■ Aim of the exercise
Your answer must be the full listing below, restated word for word, with no pictures in it.

■ Data shown
┄┄┄┄┄┄
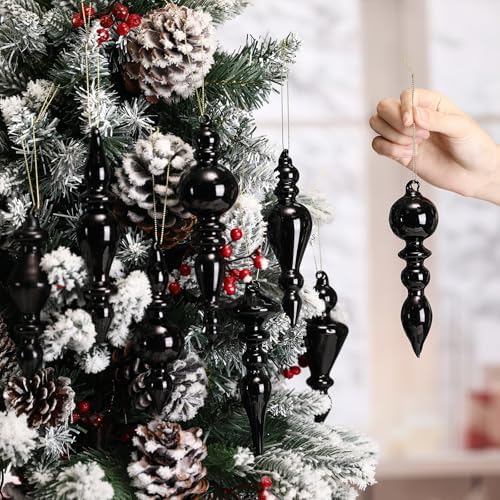 Mifoci 8 Pcs 6 Inch Mercury Glass Finial Christmas Ornaments,Black - Image 5
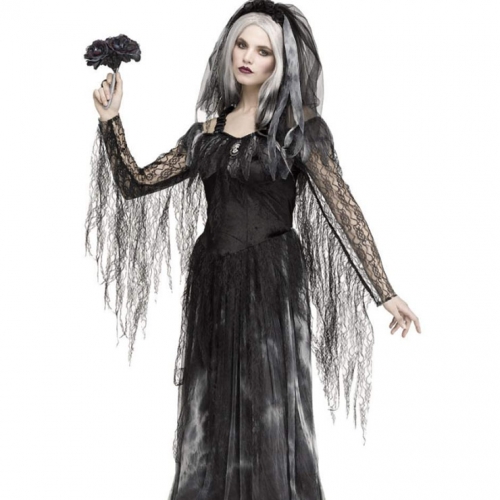 Black Printed Lace Evil Ghost Dress Adult Vampire Halloween Costume N22581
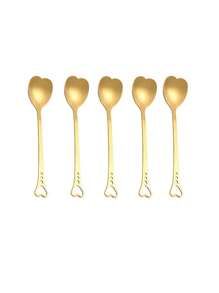 1/5/10 Stücke Gold/Silber Edelstahl Herzförmige Löffel, Herzgriff Kaffee Dessert Kuchen Rührlöffel, Hochzeitsgeschenk Löffel, Cut Out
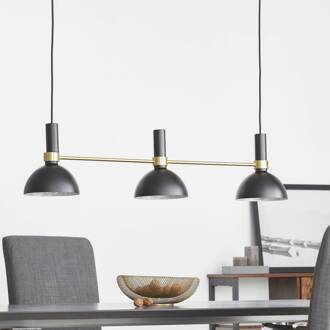 Hanglamp Larry in zwart messing, 3-lamps zwart, messing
┄┄┄┄┄┄
■ Output
 Mifoci 8 Pcs 6 Inch Mercury Glass Finial Christmas Ornaments,Black - Image 5
 Black Printed Lace Evil Ghost Dress Adult Vampire Halloween Costume N22581
 1/5/10 Stücke Gold/Silber Edelstahl Herzförmige Löffel, Herzgriff Kaffee Dessert Kuchen Rührlöffel, Hochzeitsgeschenk Löffel, Cut Out
 Hanglamp Larry in zwart messing, 3-lamps zwart, messing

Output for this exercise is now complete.